> _What is needed_: The result should be the line with "217孙权荆州争霸：赤壁鏖战与关羽攻吴" followed by every remaining line of the entries, each reproduced exactly, with nothing else.

> _Source information_:

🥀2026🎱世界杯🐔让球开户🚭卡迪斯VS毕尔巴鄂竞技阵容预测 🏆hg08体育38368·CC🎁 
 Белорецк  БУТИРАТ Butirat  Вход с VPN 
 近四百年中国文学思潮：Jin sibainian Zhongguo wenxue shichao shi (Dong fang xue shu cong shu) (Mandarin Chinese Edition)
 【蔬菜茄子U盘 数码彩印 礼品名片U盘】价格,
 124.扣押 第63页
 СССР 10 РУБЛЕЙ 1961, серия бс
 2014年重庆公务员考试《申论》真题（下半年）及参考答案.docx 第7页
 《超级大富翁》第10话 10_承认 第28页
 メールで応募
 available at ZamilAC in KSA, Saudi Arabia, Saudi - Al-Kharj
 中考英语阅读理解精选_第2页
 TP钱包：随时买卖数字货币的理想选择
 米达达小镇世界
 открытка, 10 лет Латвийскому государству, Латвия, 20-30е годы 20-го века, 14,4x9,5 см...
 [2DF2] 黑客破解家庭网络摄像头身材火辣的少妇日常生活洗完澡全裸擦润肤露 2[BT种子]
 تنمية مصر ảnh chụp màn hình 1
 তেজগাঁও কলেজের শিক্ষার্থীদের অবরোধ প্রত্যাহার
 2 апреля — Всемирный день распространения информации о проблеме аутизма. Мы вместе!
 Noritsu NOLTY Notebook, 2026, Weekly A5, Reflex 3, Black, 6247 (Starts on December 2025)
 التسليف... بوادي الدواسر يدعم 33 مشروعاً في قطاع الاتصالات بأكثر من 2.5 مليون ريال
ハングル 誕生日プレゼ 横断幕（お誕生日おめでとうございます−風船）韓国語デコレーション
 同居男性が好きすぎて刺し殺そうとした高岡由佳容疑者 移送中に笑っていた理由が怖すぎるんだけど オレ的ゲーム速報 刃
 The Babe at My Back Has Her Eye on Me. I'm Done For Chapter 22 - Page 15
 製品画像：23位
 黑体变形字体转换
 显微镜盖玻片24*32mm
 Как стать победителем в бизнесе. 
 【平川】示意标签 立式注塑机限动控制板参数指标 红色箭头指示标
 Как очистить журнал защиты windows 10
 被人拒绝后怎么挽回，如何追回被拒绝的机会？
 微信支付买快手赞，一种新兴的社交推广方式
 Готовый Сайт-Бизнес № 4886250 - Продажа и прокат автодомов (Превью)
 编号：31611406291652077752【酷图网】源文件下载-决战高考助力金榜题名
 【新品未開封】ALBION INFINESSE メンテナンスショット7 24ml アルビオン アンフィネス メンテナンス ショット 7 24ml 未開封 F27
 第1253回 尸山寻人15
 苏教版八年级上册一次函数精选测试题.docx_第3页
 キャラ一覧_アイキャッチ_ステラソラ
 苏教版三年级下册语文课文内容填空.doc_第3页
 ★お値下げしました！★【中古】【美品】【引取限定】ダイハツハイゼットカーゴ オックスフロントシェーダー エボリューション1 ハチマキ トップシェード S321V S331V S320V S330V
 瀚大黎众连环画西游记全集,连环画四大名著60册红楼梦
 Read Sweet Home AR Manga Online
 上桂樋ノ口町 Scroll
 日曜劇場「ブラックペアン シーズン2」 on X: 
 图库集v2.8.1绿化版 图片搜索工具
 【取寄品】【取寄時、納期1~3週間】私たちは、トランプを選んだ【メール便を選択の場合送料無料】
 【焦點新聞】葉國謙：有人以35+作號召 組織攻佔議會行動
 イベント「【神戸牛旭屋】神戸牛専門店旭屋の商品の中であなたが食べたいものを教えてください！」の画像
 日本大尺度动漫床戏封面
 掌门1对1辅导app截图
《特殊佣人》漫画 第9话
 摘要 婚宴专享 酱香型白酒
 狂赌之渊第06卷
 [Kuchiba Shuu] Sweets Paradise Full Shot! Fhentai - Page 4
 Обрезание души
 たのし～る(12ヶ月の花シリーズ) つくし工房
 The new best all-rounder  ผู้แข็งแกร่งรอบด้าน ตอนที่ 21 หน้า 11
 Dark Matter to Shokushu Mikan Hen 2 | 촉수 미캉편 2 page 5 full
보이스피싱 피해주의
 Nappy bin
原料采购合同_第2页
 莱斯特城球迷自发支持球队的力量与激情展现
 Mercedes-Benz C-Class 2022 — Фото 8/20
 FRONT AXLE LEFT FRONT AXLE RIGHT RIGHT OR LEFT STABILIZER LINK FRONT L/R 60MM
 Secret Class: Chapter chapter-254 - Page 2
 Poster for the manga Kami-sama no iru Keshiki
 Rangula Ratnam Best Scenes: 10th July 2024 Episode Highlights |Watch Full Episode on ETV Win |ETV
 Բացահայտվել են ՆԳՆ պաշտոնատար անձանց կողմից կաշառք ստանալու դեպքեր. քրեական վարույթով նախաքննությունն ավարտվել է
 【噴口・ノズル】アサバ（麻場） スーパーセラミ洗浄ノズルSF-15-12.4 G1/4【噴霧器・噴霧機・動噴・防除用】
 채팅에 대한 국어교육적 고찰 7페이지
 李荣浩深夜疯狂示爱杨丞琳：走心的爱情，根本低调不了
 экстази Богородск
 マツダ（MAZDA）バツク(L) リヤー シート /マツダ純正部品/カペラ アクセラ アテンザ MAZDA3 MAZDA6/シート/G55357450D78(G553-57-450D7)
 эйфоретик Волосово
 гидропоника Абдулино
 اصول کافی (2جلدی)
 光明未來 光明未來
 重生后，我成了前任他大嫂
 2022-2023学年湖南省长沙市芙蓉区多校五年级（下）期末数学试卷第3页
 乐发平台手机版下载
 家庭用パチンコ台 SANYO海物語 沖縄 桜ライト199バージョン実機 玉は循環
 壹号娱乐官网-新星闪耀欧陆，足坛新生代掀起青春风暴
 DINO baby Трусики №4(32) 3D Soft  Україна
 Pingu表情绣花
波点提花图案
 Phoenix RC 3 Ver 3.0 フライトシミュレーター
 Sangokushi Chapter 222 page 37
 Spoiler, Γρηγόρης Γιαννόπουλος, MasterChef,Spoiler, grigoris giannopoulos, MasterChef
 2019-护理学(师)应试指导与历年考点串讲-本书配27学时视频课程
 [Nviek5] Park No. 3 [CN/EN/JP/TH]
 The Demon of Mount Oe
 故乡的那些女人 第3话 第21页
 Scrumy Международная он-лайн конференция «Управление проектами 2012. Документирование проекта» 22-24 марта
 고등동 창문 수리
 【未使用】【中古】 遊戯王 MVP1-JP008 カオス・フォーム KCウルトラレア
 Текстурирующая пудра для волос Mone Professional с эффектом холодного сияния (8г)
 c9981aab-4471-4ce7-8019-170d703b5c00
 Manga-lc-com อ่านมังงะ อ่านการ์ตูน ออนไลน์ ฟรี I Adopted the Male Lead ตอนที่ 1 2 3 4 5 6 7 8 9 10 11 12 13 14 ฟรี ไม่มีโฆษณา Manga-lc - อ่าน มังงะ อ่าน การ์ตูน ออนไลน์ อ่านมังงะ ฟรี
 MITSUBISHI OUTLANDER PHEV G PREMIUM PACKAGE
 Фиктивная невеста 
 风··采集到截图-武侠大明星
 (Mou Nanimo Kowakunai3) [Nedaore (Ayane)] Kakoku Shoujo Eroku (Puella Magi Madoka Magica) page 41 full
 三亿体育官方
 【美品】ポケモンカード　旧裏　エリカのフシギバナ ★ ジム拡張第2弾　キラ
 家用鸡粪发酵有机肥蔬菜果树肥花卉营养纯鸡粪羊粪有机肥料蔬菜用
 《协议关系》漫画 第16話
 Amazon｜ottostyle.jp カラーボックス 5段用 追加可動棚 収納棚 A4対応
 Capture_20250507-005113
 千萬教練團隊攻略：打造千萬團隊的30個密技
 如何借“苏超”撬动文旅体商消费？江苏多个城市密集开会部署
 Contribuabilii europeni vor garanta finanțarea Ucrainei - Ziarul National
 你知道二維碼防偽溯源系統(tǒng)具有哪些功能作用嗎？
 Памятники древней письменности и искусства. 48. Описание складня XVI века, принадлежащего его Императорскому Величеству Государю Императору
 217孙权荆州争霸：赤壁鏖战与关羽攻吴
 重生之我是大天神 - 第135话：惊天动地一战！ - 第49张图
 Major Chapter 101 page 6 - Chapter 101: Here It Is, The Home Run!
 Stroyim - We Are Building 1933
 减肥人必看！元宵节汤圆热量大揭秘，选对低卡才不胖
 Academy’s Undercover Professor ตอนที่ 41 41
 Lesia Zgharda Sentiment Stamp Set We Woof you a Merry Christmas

> _Output for this task_:
 217孙权荆州争霸：赤壁鏖战与关羽攻吴
 重生之我是大天神 - 第135话：惊天动地一战！ - 第49张图
 Major Chapter 101 page 6 - Chapter 101: Here It Is, The Home Run!
 Stroyim - We Are Building 1933
 减肥人必看！元宵节汤圆热量大揭秘，选对低卡才不胖
 Academy’s Undercover Professor ตอนที่ 41 41
 Lesia Zgharda Sentiment Stamp Set We Woof you a Merry Christmas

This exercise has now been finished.